Mon cher bien-aimé, la portière vient de me dire que la Suzette ne pourra revenir que dimanche soir, ce qui est bien long quand on est dans ma position. Mais enfin puisque nous avons consenti à en passer par là, nous sommes bien forcés d’attendre.
J’ai très mal à tête, je crois que j’ai encore un restant de fièvre.
Je vous aime mon Toto et je sens moins l’ennui et l’incommodité de ma position. Je vous aime plus que tous les biens de ce monde, je vous aime de manière à n’en sentir les maux que très vaguement, car en pensant à vous je sens que tous mes bobos se dissipent comme un mauvais rêve.
Si tu viens de bonne heure aujourd’hui je serai bien heureuse et bien contente. La soirée d’hier a été si bonne, il l’eût été encore davantage, si je n’avais pas été terrassée par cet horrible mal de tête. Mais aujourd’hui si tu me fais la grâce de venir, je serai très gaillarde et toute au bonheur de t’avoir.
Jour, un grand peintre, comment que vous vous portez célèbre artiste ? Le gouvernement de Juliette vous a commandé deux biens beaux tableaux dont j’ai vu le premier fini et le second à moitié terminé. Je vous en félicite, mon cher artiste. Je voudrais bien être ce gouvernement-là qui a le droit de commander deux tableaux et de les prendre.
Jour, je vous baise les mains.

Juju

BnF, Mss, NAF 16329, f. 331-332
Transcription d’Érika Gomez assistée de Florence Naugrette


31 mars [1837], vendredi après midi, 11 h. ½

Mon cher et bon petit homme, je vous aime de toutes mes forces. J’ai bien le désir de vous voir très tôt et pour cela je hâte mes affaires comme si cela pouvait vous faire venir plus vite. J’ai oublié hier d’écrire à Mlle François pour la prévenir, je vais le faire aujourd’hui.
Jour, un petit Loto, je n’ai plus rien à manger dans ma maison.
J’attendrai ce soir pour me commander quelque chose dans le cas où vous auriez l’intention de me mener dîner en ville chez passoir ce soir [1] ou partout ailleurs, ce qui m’est indifférent pourvu que vous y soyez.
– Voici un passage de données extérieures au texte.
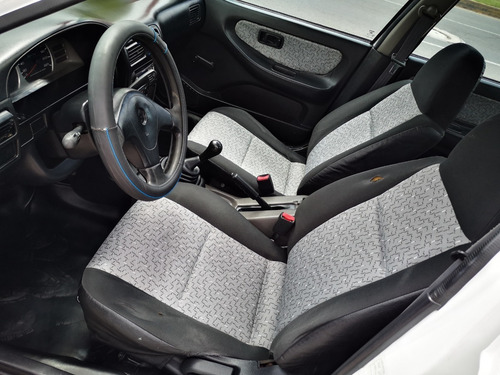 Imagen 6 de 13 de 2015 Nissan Tsuru Gs11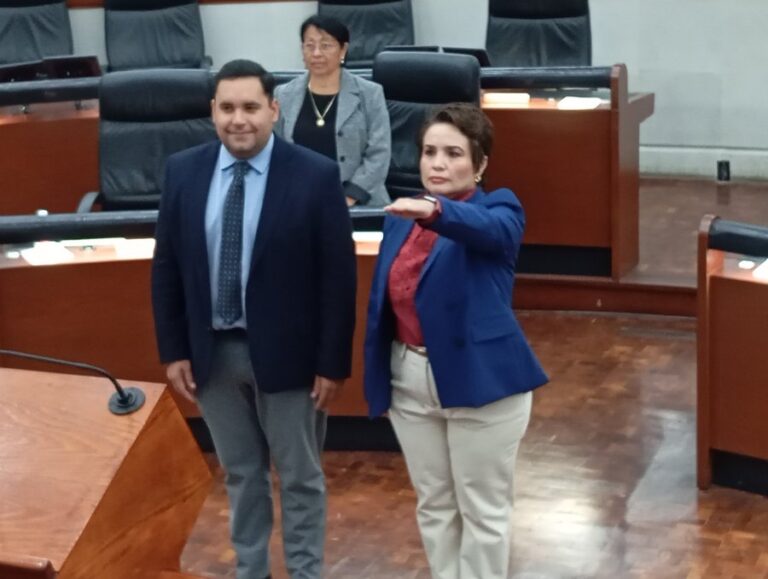 Excoordinadora de asesores rinde protesta para ocupar la curul de Arreola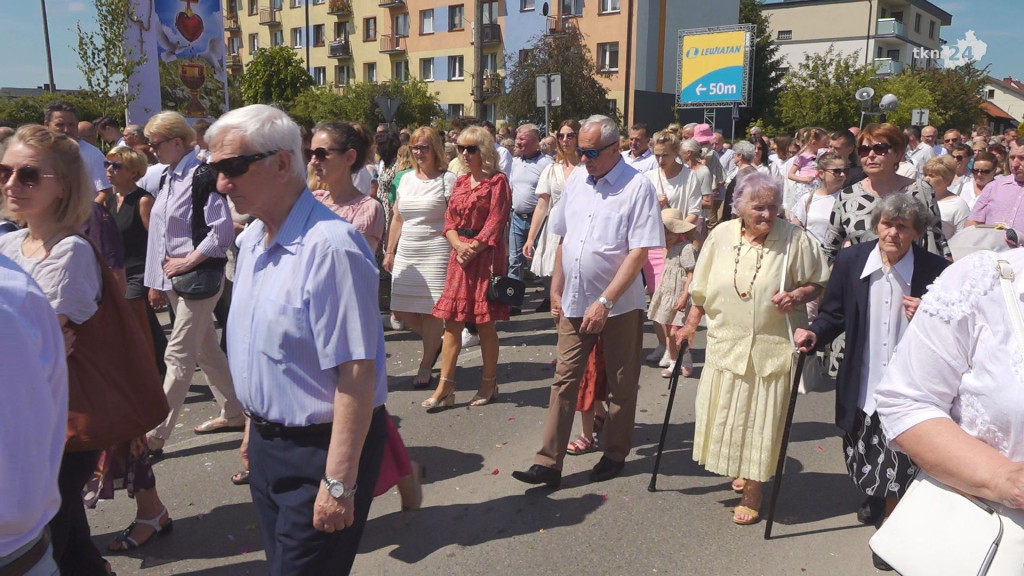 Boże Ciało 2023 w Końskich [wideo, zdjęcia]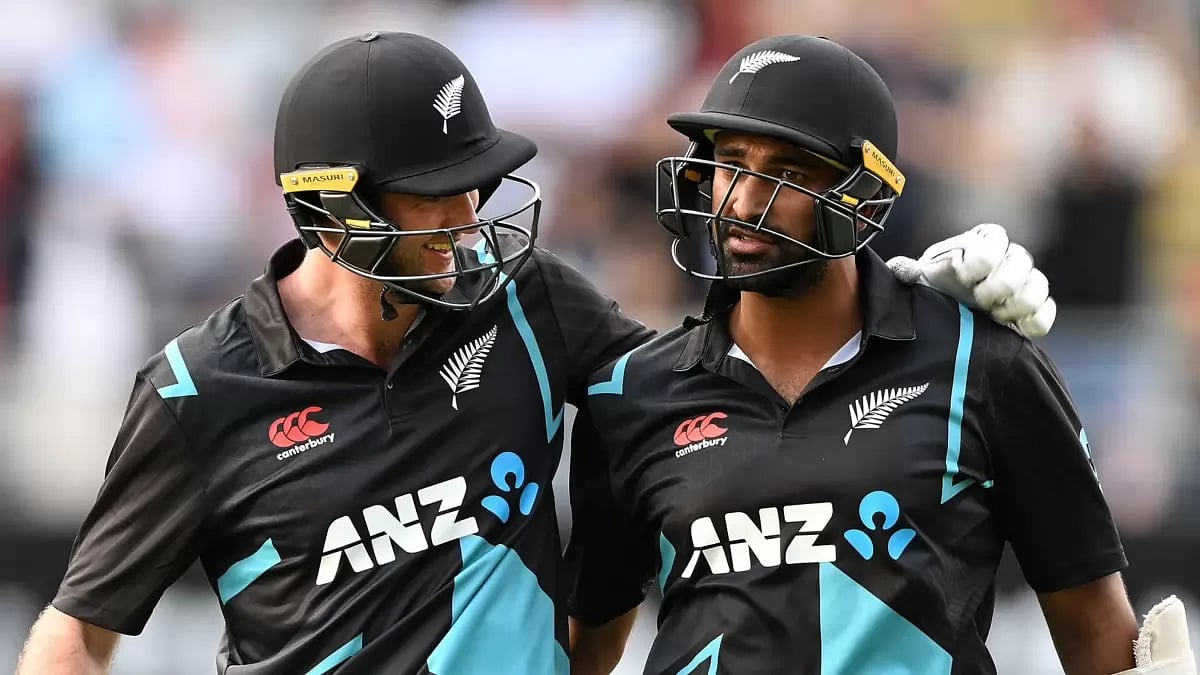 Ish Sodhi (R) took the match to a Super Over after hitting the final delivery for a six.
Mais je suis sûre que votre avarice bien connue vous empêchera de m’offrir de la viande et cependant vous savez bien que je VEUX DE VOUS. Vous êtes une vieille bête en PEAU.
Jour. Je vais mieux, j’ai secouéa la fièvre et le mal de tête, autant que j’ai pu et cela m’a assez bien réussi jusqu’à présent. Il ne me manque que de vous voir. C’est peu de chose, mais c’est tout. Je ne sais pas comment je ferai pour me dessaisir d’un mes trésors. Il est probable que d’ici là je trouverai un expédient, fût-ce même un crime qui me mettra en légitime possession de vos deux chef-d’œuvres.
En attendant je suis la plus humble et la plus prosternée de vos servantes.

Juliette

BnF, Mss, NAF 16329, f. 333-334
Transcription d’Érika Gomez assistée de Florence Naugrette

a) « secouer ».

Notes

[1Passoir est un restaurant chic dont Juliette fait souvent rimer le nom avec « pas ce soir » pour reprocher à Victor Hugo de ne pas l’y emmener assez souvent.